● WHAT IS NEEDED
Below are some records. Return exactly their lines from the one containing "Side view of" through the one containing "over grey background", and drop the pictures.

● DATA SUPPLIED
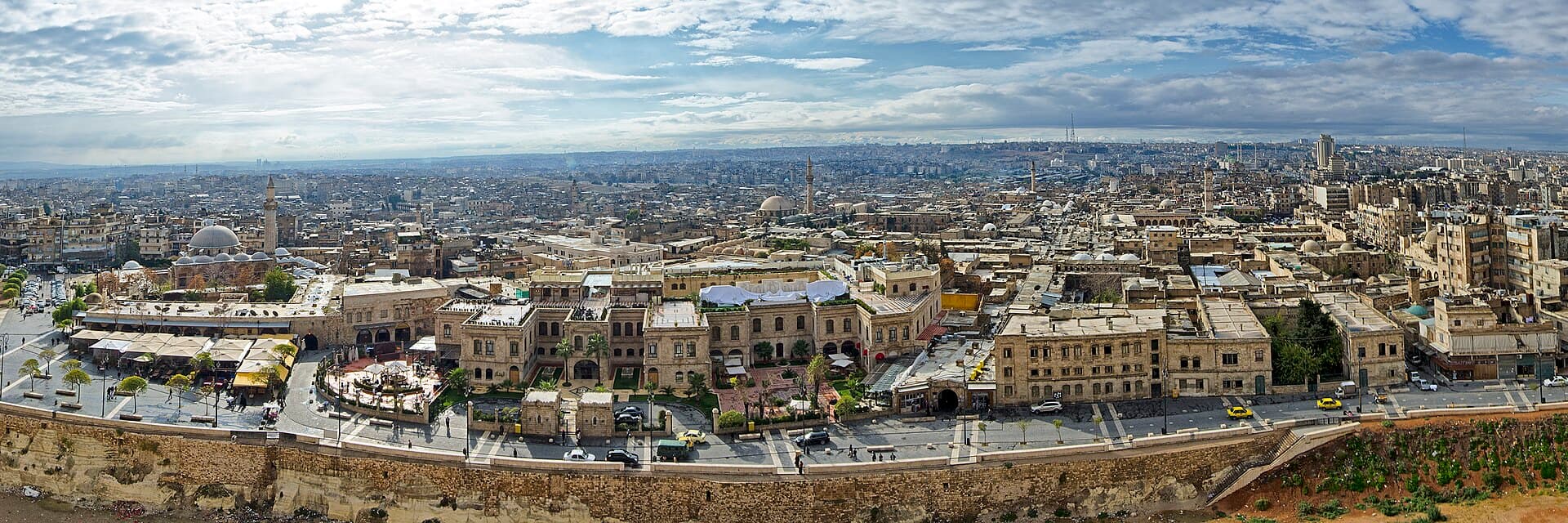 Halep eski şehrinin kale surundan panoraması: önde kale hendeği ve meydan, arkada minareler, kubbeler ve düz damlar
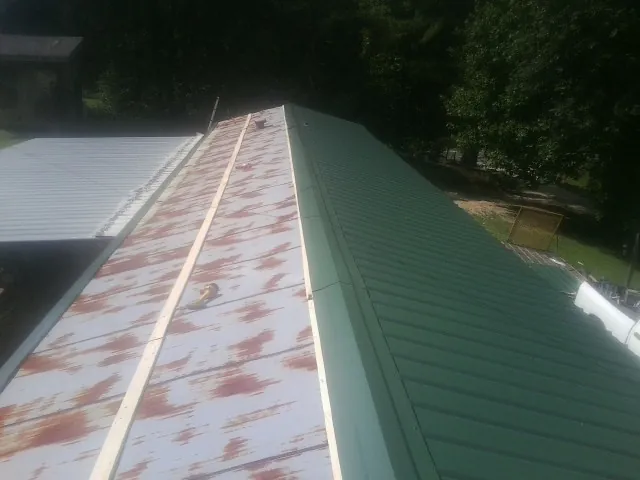 Old rusted panels beside newly installed green metal roofing — Wind Damage Roof Repair by Roofing Brothers in Brewer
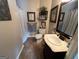 Cozy bathroom with decorative elements, framed art, and essential fixtures at 332 Wyngate Rd, Auburn, GA 30011
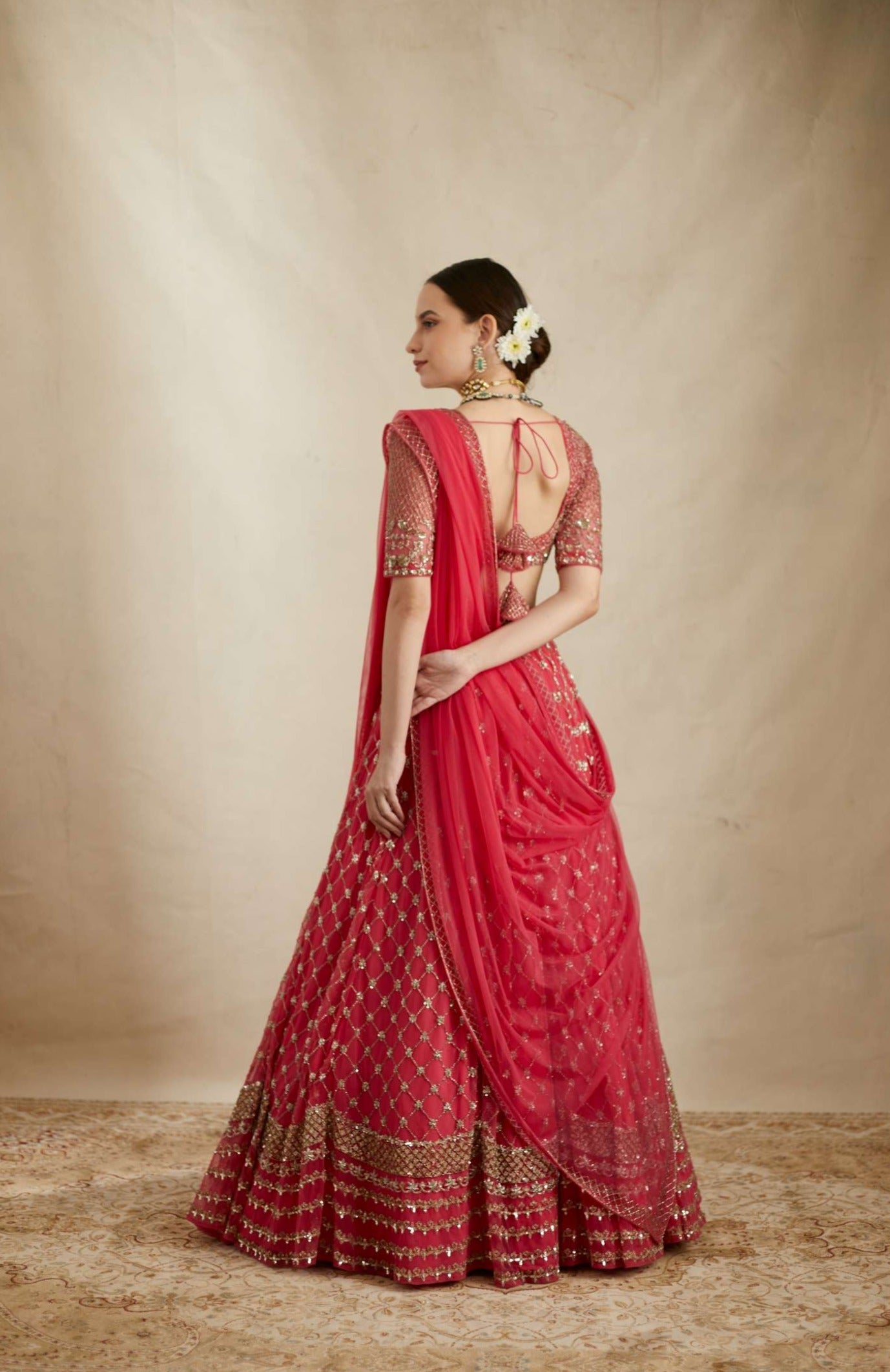 Side view of Caramine Pink Heavy Jaal Work Lehenga Set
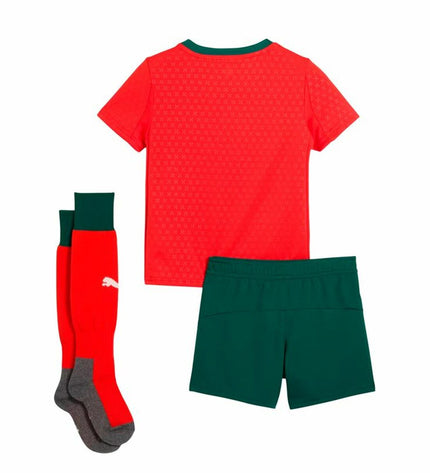 Kids' Puma Portugal Home Minikit jogging suit in red, featuring the football team's logo and sporty design for outdoor activities.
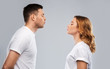 © Syda Productions - love, valentines day and relationships concept - portrait of happy couple in white t-shirts ready for kiss over grey background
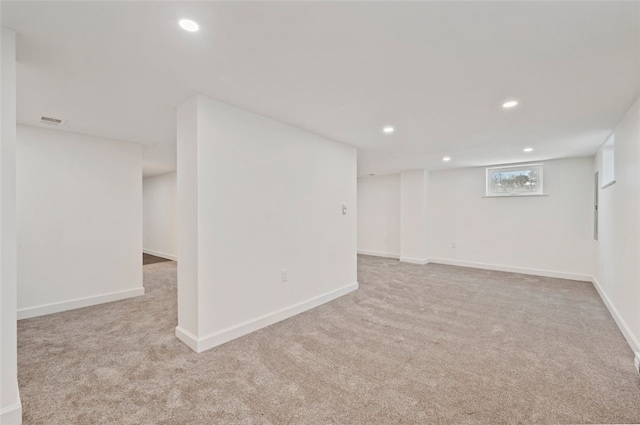 basement with light colored carpet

● RESPONSE FOR THIS EXERCISE
 Side view of Caramine Pink Heavy Jaal Work Lehenga Set
 Kids' Puma Portugal Home Minikit jogging suit in red, featuring the football team's logo and sporty design for outdoor activities.
 © Syda Productions - love, valentines day and relationships concept - portrait of happy couple in white t-shirts ready for kiss over grey background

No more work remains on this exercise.